On m’a parfois accusé – à tort! – d’être un brin trop verbeux dans mes bafouilles hebdomadaires, de me laisser aller à des élans de prose qui n’ont qu’un lien ténu avec l’objet de mes chroniques, bref, de voir en la pratique de l’écriture une fin en soi. Et quoi encore! Question de réfuter une fois pour toutes ces propos diffamants, c’est dans un souci de concision que je vous propose ce retour sur mes coups de cœur de 2006. Agrémentés d’un bouquin et d’une bonne bouteille, ils pourraient former un trio-cadeau irréprochable, et nettement plus abordable que ces satanés PS3…

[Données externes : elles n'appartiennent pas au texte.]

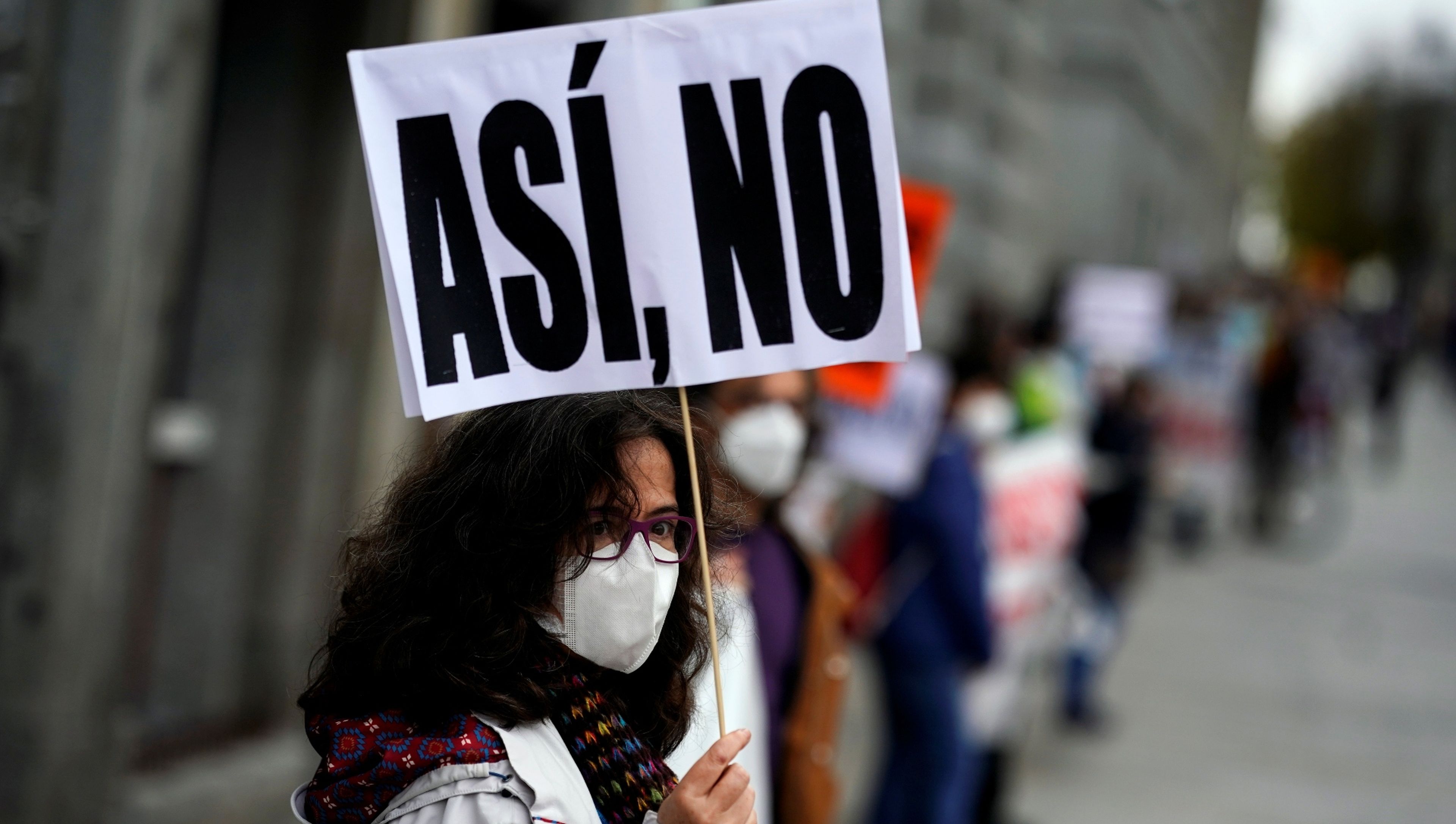 Una mujer protesta contra los recortes en Sanidad durante la pandemia de coronavirus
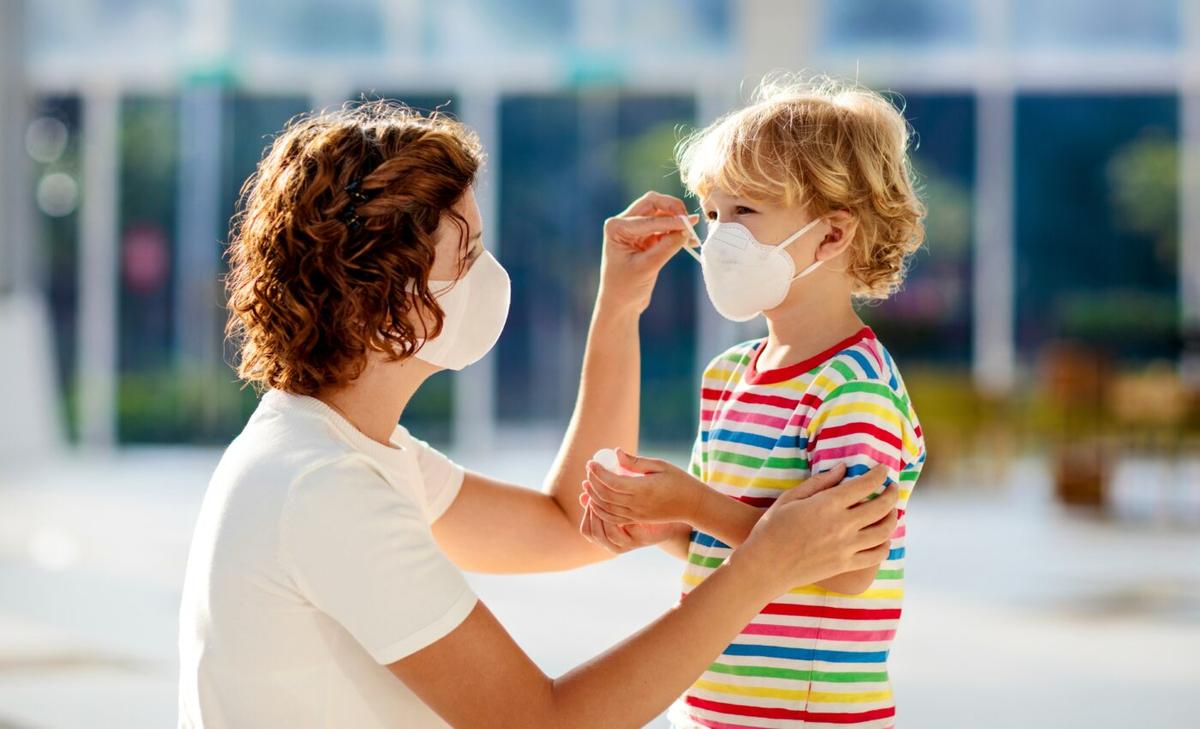 Face masks reduce the distance a virus can travel by more than half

Si vous êtes de ceux qui croient que les meilleures chansons sont celles qu’il convient d’écouter dans leur plus simple appareil, de préférence sous les doigts et dans la voix de leur créateur, et si vous avez ne serait-ce que de l’estime pour Pierre Flynn, alors ce Vol Solo (Audiogram) fera de vous un converti.

Seul au piano (et parfois à la guitare), face à un public qu’on sent attentif, Flynn conjugue son riche passé au présent. Redécouvrant Berlin, En cavale, Sauver ma vie et surtout Croire sous cet habillage-là, on constate que, passé ou présent, ces refrains-là sont d’une immense salubrité.

Il y a quelques mois, je suis tombé sur ce disque de Penny Lang au moment précis où je cherchais une bande-son à un quelconque chagrin, poussant le masochisme jusqu’à en offrir un exemplaire à ma tortionnaire.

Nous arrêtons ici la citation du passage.